O objectivo de Nuno Teotónio Pereira, autor do projecto e também da obra da nova Praça do Município (inaugurada em 2002), foi seguir a «tradição de diversidade de estilos» que caracterizam o lugar. «Existem casas do barroco ao Estado Novo, e outras até modernas, já da década de 80. Portanto, tínhamos que fazer um edifício do século XXI, próprio da sua época», justifica, admitindo que o importante era «manter a mesma linha de contemporaneidade e modernidade que caracterizaram a praça ao longo dos séculos». Daí que não podia limitar-se «às coisas do passado». As críticas não incomodam o arquitecto, visto ser algo a que «já está habituado». Nuno Teotónio Pereira, sobejamente conhecido pelas obras realizadas durante o Estado Novo, já sabia que algumas pessoas não iriam entender o projecto. Segundo conta a “O Interior”, o próprio autarca Carlos Pinto colocou algumas reservas: «Quando mostrei o projecto fez uma observação dizendo que o edifício era uma coisa muito moderna e que não se enquadrava na praça. Eu respondi que os prédios desta praça sempre foram feitos para marcar as várias épocas e estilos».

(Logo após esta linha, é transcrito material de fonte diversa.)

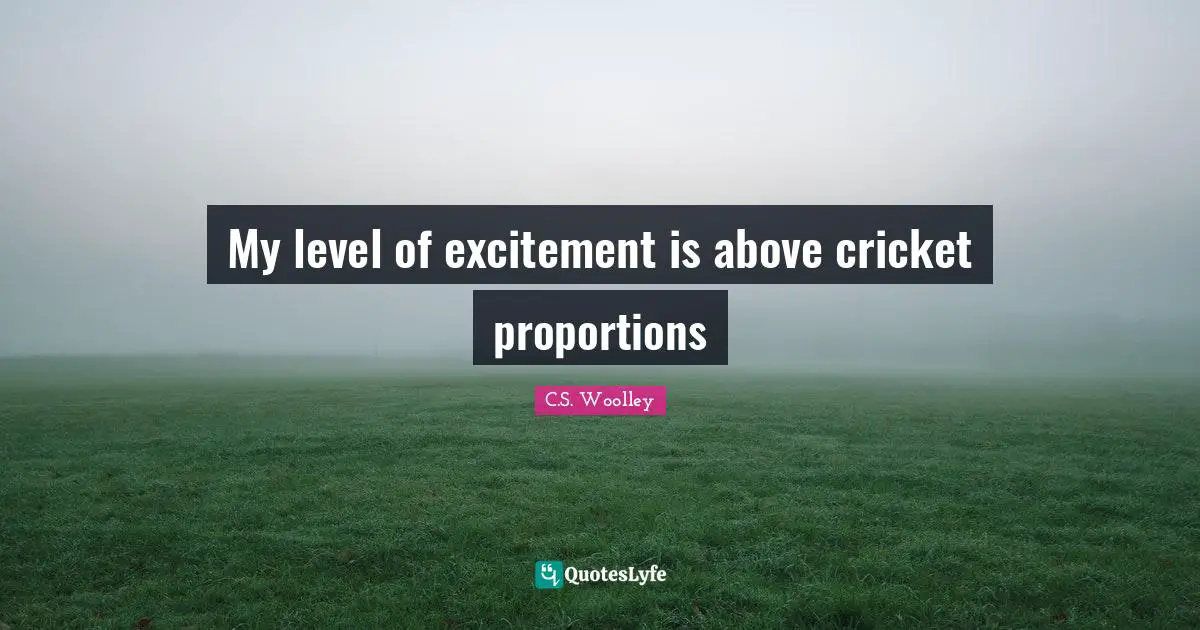 My level of excitement is above cricket proportions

Com um total de quatro pisos, o edifício foi projectado para manter a mesma altura do da confeitaria Lisbonense, tapando assim uma brecha resultante do facto de ser inicialmente muito baixo. Na sua opinião, a única ruptura existente na praça são o «excesso de flores» nos gradeamentos e no centro da escultura. «Não gosto nada. As flores são um atentado ao projecto e à escultura que ali foi feita», confessa a “O Interior”, criticando também os sinais de trânsito fixados à volta dos pilares do monumento. «O objectivo era que não se percebesse que era uma rotunda e a sinalização era desnecessária se fossem reforçados os pré-avisos de rotunda», diz. “O Interior” tentou contactar o autarca Carlos Pinto para apurar a sua opinião sobre a edificação, mas tal não foi possível até ao fecho da edição.